Task item —
Return only the lines of the data below from the line with "We sometimes receive" up to and including the line with "Once the delete", exactly as written, with the pictures omitted.

(Data records begins)

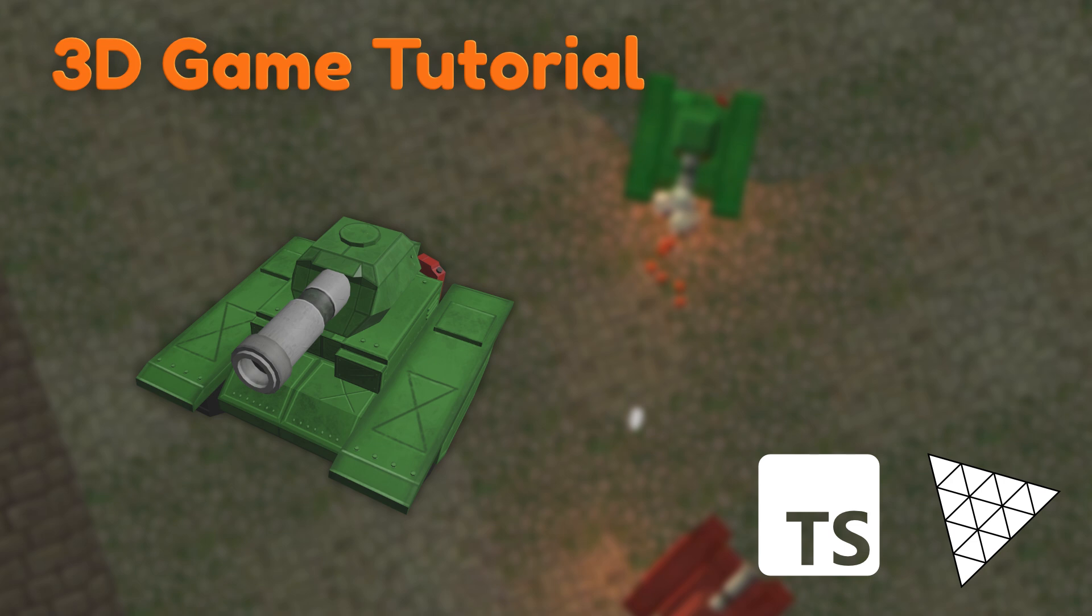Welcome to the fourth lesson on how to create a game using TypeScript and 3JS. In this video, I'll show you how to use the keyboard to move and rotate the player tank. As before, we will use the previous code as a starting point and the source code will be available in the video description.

(Data records ends)
(Data records begins)

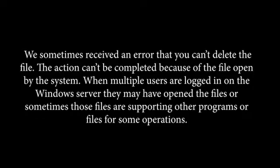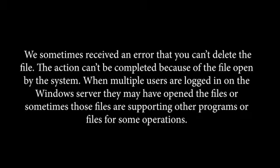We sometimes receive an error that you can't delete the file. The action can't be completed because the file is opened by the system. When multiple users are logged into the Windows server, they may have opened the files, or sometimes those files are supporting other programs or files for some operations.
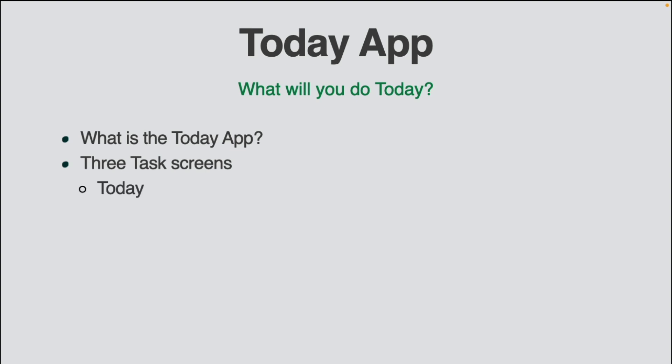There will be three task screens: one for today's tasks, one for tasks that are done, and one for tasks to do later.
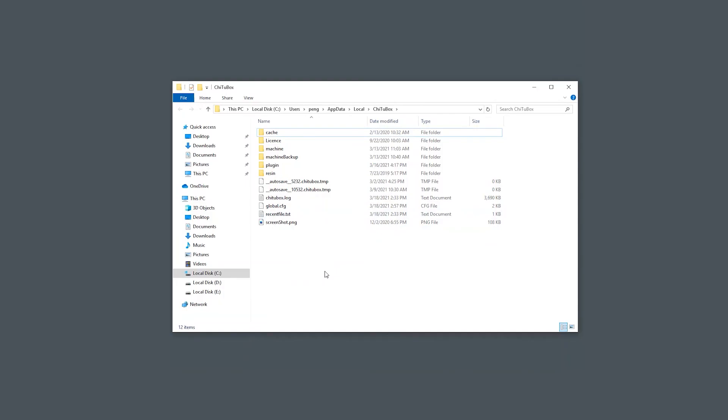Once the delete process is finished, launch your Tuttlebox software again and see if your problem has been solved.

(Data records ends)

Exercise result —
We sometimes receive an error that you can't delete the file. The action can't be completed because the file is opened by the system. When multiple users are logged into the Windows server, they may have opened the files, or sometimes those files are supporting other programs or files for some operations.
There will be three task screens: one for today's tasks, one for tasks that are done, and one for tasks to do later.
Once the delete process is finished, launch your Tuttlebox software again and see if your problem has been solved.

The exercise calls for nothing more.